E non è nemmeno auspicabile che vi siano presidi in ogni angolo. Una città militarizzata è una città in guerra, non una città sicura. Anche le telecamere sono un deterrente, sono utili in caso di indagini (posto che funzionino e che abbiano una buona qualità delle immagini, cosa per nulla scontata) ma non si può lavorare solo con misure repressive o di contenimento. Bisogna lavorare a livello di prevenzione in maniera positiva e non solo punitivacome si sta fecendo ora con l’esercito. Bisogna tornare a vivere la città, ora la maggior parte di volte la si attraversa in chiusi nella propria auto, perchè a piedi è più facile che accadano episodi spiacevoli. Bisogna ricostruire un tessuto commerciale e culturale di “prossimità” che è stato spazzato via anche dalle politiche commerciali della grande distribuzione la quale ha azzerato il rapporto tra chi vende e chi compra, l’unico rapporto è con lo scaffale, e che ha relegato le persone all’abitacolo della loro auto, molto comodo per portare la maxispesa. Intendiamoci, la mia non è una crociata contro i centri commerciali, ma una lettura di quello che è accaduto, quindi per il futuro trovo controproducente, per la riqualifica del tessuto urbano, l’apertura di nuovi parchi degli acquisti mentre bisogna ragionare con un’offerta commerciale di prossimità diversa. La piccola bottega non può competere con il centro commerciale, deve quindi fornire un servizio diverso. Il centro commerciale punta sui prezzi bassi e sul fatto che il cliente si serve da solo. Il piccolo negozio deve puntare sulla qualità e dare modo al cliente di apprezzarla. Penso quindi al fornaio che organizza nel suo negozio mini laboratori per spiegare come si conserva il pane fresco o come si riutilizza il pane raffermo, al fruttivendolo che racconta come usare le erbe aromatiche o come coltivarle sul balcone, alla cartoleria che fa un laboratorio per realizzare biglietti di auguri, tutte iniziative che invitano le persone ad uscire di casa, vivere il territorio, socializzare e acquistare i prodotti nei rispettivi negozi.

Bisogna costruire una mobilità pedonale, ciclabile che sia fruibile e non un percorso ad ostacoli, marciapiedi larghi e senza buche, ben illuminati, con attraversamenti pedonali sicuri, piste ciclabili senza soluzione di continuità, facilmente individuabili e diffuse sul territorio. Serve un trasporto pubblico capillare, frequente e senza rotture di carico.
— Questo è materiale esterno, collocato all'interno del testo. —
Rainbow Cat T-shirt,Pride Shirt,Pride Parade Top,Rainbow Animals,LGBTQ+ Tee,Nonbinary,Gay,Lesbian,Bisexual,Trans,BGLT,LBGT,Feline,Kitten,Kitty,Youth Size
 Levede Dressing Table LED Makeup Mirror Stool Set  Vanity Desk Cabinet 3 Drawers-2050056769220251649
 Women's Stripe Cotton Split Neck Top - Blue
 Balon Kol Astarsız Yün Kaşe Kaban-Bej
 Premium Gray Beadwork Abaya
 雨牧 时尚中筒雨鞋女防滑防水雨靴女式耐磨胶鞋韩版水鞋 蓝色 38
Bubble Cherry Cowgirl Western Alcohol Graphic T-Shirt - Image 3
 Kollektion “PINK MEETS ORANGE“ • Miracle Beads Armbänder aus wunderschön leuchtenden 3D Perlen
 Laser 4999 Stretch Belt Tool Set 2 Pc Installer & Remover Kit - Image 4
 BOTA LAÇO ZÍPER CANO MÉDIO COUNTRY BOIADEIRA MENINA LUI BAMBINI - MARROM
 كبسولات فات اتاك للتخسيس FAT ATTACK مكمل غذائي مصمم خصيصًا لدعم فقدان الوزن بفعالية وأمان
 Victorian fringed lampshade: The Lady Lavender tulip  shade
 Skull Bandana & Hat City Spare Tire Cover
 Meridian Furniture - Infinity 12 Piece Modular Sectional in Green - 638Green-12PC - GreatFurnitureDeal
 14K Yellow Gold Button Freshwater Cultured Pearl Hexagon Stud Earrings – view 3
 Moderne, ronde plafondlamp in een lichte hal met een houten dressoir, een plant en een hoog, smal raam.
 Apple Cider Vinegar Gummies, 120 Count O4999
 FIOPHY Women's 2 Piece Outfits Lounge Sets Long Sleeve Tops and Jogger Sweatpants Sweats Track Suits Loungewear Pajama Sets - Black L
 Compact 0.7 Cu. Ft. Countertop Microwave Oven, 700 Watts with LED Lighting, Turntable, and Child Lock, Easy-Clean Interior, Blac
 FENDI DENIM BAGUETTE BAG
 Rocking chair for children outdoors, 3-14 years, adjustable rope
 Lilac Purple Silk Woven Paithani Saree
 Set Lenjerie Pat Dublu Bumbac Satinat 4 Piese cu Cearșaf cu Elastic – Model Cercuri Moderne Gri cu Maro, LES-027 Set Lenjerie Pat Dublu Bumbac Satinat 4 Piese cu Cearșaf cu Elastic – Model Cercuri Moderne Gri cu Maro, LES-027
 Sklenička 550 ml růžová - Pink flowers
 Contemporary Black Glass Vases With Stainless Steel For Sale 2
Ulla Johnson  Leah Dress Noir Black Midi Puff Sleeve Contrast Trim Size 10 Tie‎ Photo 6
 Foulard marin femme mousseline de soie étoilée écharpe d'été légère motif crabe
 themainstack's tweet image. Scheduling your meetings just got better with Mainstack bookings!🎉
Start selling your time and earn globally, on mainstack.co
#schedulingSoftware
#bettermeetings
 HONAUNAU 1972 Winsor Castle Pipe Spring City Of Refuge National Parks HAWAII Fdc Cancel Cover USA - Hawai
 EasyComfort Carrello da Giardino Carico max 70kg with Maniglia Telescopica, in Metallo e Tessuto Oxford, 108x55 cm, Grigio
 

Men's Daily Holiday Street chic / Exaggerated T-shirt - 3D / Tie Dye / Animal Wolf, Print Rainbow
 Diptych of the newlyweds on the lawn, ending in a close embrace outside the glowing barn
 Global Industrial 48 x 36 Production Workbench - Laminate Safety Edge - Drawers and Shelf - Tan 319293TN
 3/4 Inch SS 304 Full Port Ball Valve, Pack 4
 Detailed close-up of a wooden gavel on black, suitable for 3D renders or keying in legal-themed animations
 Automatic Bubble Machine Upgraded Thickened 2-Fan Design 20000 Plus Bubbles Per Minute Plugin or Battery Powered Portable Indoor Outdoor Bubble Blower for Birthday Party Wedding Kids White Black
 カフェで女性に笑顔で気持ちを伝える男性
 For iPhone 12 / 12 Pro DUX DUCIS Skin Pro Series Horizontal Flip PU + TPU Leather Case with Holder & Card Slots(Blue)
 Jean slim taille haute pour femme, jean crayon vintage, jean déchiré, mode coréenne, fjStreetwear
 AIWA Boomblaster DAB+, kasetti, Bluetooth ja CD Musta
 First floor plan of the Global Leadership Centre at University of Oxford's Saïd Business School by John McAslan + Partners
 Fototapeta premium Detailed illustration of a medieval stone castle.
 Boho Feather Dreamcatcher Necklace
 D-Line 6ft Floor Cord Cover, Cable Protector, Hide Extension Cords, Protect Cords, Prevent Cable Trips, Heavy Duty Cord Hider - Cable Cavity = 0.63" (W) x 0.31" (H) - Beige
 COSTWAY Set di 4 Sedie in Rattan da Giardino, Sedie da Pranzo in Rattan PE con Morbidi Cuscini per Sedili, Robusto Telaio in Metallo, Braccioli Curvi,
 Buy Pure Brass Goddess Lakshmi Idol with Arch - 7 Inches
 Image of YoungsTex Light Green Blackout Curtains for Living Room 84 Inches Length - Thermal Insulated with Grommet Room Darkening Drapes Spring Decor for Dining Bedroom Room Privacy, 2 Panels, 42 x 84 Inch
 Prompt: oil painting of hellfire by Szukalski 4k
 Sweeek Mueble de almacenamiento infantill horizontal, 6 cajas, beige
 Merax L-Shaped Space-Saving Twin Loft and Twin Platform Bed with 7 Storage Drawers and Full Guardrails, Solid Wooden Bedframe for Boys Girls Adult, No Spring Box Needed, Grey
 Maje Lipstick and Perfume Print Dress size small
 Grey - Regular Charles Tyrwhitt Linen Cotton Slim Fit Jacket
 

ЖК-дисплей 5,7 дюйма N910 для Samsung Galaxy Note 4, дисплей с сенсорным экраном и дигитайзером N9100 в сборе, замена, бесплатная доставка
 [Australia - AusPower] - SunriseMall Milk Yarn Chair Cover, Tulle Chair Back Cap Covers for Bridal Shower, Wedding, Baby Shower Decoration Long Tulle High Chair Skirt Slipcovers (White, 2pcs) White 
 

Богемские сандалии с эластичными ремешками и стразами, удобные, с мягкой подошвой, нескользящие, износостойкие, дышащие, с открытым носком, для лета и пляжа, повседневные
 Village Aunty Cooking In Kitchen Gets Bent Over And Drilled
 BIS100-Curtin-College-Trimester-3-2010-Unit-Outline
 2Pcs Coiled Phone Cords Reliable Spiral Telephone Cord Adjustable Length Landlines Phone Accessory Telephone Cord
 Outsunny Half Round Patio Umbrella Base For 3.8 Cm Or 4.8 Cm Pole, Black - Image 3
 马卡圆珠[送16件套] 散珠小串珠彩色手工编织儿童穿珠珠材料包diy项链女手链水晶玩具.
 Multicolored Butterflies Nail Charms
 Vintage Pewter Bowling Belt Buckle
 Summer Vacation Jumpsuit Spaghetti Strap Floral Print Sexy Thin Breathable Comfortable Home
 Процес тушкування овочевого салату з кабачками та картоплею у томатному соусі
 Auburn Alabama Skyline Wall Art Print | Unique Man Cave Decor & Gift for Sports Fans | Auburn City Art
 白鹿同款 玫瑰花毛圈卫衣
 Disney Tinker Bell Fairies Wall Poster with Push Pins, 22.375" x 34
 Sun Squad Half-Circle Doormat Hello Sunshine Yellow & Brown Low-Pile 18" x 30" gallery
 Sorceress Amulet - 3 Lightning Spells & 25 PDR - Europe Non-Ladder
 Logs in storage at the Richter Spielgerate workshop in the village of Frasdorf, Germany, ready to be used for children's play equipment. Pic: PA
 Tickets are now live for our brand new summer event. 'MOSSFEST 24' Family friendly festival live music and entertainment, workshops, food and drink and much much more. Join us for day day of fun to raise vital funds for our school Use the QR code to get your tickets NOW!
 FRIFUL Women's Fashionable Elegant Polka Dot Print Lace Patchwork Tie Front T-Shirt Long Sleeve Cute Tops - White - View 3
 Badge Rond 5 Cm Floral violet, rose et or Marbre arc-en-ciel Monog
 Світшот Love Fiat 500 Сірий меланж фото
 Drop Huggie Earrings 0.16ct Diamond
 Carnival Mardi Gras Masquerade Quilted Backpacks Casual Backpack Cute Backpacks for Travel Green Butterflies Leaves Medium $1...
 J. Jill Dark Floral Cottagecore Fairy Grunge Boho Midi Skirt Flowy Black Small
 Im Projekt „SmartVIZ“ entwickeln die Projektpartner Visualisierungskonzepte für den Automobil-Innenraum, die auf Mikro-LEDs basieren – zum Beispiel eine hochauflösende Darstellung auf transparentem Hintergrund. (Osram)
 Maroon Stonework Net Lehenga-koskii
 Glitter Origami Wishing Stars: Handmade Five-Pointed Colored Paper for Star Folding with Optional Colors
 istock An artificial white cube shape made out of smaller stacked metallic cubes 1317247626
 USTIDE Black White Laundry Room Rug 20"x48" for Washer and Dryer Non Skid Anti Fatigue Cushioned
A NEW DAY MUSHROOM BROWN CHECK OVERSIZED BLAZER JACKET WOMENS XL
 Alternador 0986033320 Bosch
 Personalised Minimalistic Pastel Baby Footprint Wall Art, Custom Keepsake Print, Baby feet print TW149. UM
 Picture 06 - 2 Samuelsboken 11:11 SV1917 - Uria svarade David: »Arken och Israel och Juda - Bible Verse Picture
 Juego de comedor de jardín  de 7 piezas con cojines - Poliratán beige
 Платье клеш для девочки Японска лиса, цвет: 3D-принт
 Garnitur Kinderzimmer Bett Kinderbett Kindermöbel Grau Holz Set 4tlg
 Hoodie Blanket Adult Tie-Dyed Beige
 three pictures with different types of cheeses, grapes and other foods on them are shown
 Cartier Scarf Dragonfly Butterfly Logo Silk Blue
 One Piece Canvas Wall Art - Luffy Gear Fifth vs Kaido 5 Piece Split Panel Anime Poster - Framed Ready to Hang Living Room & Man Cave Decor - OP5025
In questo modo le persone tornano a vivere la città, a camminare per la città, non solo più ad attraversarla velocemente (o in fila) chiusi nelle loro auto. Partendo da queste cose si avvia un processo di riqualifica del tessuto urbano non solo strutturale (es. marciapiedi, ciclabili) ma anche culturale, non più luoghi dove si ha paura di camminare ma luoghi dove si è contenti di camminare.